En-Jung a 29 year-old South Korean, is taking her PhD in French at a prestigious university in Seoul. On the surface, her life is similar to that of a student in Paris, London or New York: studies, cafés, shopping, pop music, online chatting, etc. But although Seoul is one of the most modern capitals in the world, its social rules are amongst the most rigid, built on conservative Confucian morals that have barely changed for the last 400 years.
En-Jung has a boyfriend. It’s a relationship she is unable to fully enjoy because she is older, less well-off and more educated. En-Jung is a PhD student, but her mother expects her to marry and have a family. En-Jung likes to laugh, share ideas and wear tracksuits. Tradition dictates that she keeps quiet, remains unobtrusive and dresses with style. En-Jung knows France, having lived there for 2 years. She appreciates the liberty the women there enjoy. But today she lives in Seoul and she conforms, most of the time, to the Korean vision of the female sex.

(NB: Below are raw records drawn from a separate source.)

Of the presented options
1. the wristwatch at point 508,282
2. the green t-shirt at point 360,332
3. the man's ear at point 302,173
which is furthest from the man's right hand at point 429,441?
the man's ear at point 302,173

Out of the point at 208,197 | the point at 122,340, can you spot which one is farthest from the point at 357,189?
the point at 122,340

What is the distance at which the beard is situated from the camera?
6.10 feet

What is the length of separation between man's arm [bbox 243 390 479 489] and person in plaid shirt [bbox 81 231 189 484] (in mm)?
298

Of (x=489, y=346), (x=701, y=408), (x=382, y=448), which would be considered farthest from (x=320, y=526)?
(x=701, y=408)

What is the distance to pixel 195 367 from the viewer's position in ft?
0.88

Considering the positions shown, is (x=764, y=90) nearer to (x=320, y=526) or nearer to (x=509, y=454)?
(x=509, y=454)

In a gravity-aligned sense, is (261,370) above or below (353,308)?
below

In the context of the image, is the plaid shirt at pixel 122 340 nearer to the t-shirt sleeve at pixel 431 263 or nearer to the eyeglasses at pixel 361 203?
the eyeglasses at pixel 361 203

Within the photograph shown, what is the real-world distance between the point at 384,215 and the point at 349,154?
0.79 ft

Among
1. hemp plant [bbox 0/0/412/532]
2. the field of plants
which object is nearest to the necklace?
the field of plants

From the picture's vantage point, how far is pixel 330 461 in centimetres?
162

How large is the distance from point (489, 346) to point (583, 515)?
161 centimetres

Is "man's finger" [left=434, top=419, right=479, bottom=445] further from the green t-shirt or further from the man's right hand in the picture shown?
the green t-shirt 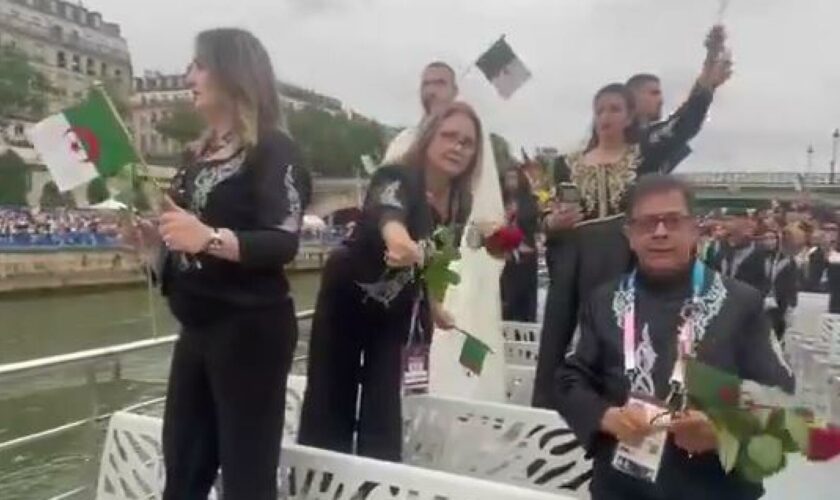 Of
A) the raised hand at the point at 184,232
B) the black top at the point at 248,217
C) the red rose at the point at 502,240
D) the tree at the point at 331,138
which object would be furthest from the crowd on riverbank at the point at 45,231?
the raised hand at the point at 184,232

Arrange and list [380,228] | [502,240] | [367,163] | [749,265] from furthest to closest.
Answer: [749,265]
[367,163]
[502,240]
[380,228]

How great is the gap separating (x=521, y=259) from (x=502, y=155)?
0.82 metres

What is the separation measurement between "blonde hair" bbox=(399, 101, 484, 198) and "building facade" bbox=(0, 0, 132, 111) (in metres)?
67.9

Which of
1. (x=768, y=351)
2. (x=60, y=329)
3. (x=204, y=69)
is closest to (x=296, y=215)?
(x=204, y=69)

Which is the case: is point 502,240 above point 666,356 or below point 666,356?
above

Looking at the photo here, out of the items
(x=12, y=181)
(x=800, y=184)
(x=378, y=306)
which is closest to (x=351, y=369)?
(x=378, y=306)

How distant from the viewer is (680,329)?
210cm

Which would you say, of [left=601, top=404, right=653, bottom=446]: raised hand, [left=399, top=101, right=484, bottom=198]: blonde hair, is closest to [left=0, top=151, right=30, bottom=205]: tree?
[left=399, top=101, right=484, bottom=198]: blonde hair

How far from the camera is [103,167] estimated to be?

Through a portrait focusing on her private world, En-Jung’s story describes the profound changes taking place in a country that’s arrived very quickly on the international scene. Young women no longer want to become “ajuma” (housewives). They are demanding financial independence and are refusing to have children. Over the last ten years, the social codes have been shaken up by the younger generation, and women in particular, who have a great deal to gain from emancipation.
This documentary is also meant to be a mirror for Western women. En-Jung is my friend and the film is constructed as a dialogue between two women who are observing one another, set against a backdrop of feminism and liberty.